▸ Try it
Everything in the listing should be set down exactly, apart from the pictures.

▸ Record set
----------
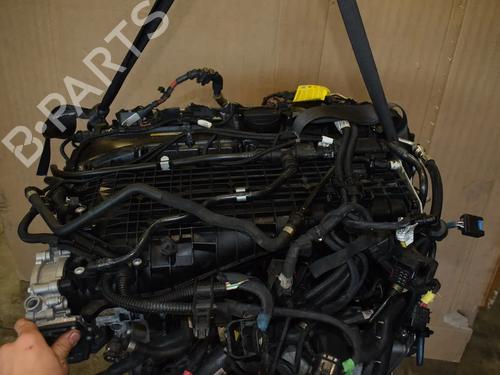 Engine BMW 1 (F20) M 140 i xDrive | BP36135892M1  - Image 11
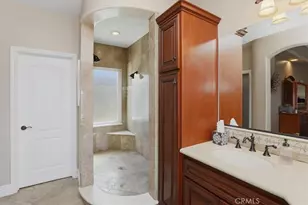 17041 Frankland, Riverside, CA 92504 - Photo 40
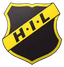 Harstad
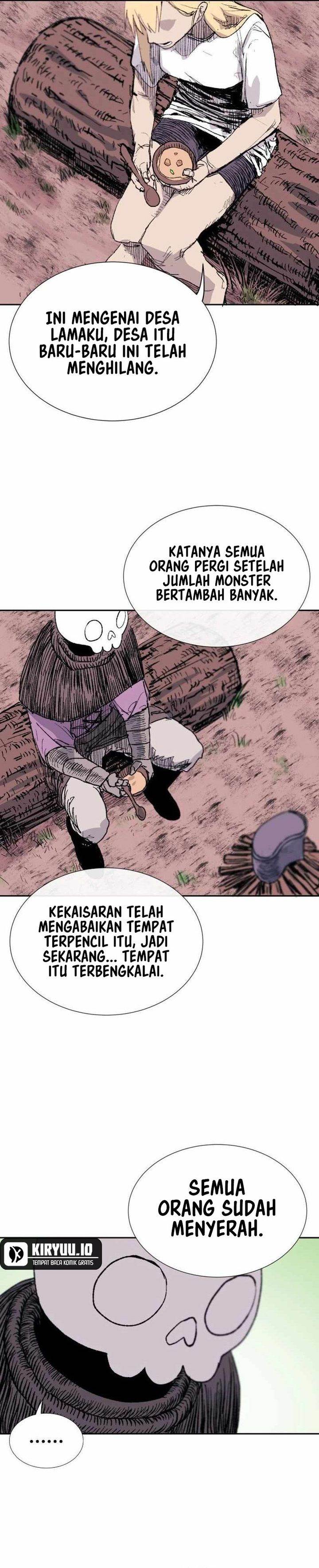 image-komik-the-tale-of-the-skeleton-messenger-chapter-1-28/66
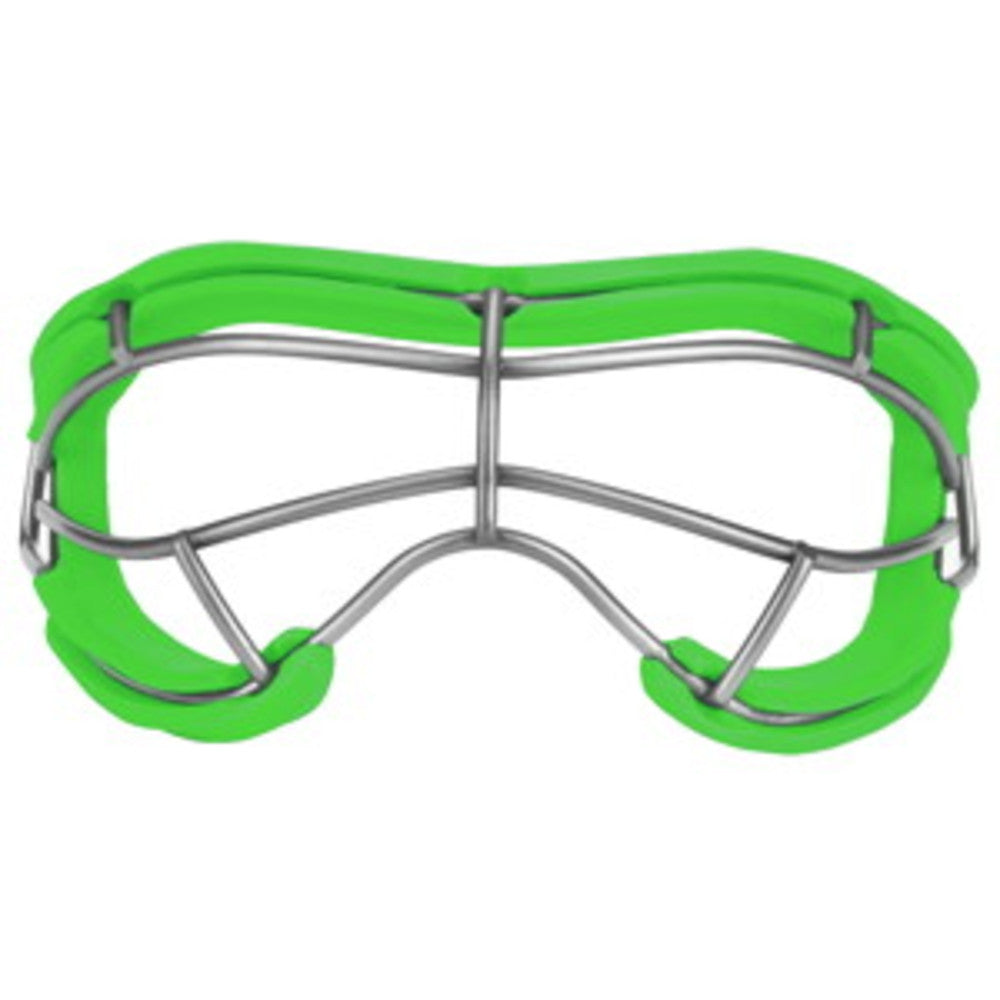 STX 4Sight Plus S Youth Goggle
----------
▸ Solution to the exercise
 Engine BMW 1 (F20) M 140 i xDrive | BP36135892M1  - Image 11
 17041 Frankland, Riverside, CA 92504 - Photo 40
 Harstad
 image-komik-the-tale-of-the-skeleton-messenger-chapter-1-28/66
 STX 4Sight Plus S Youth Goggle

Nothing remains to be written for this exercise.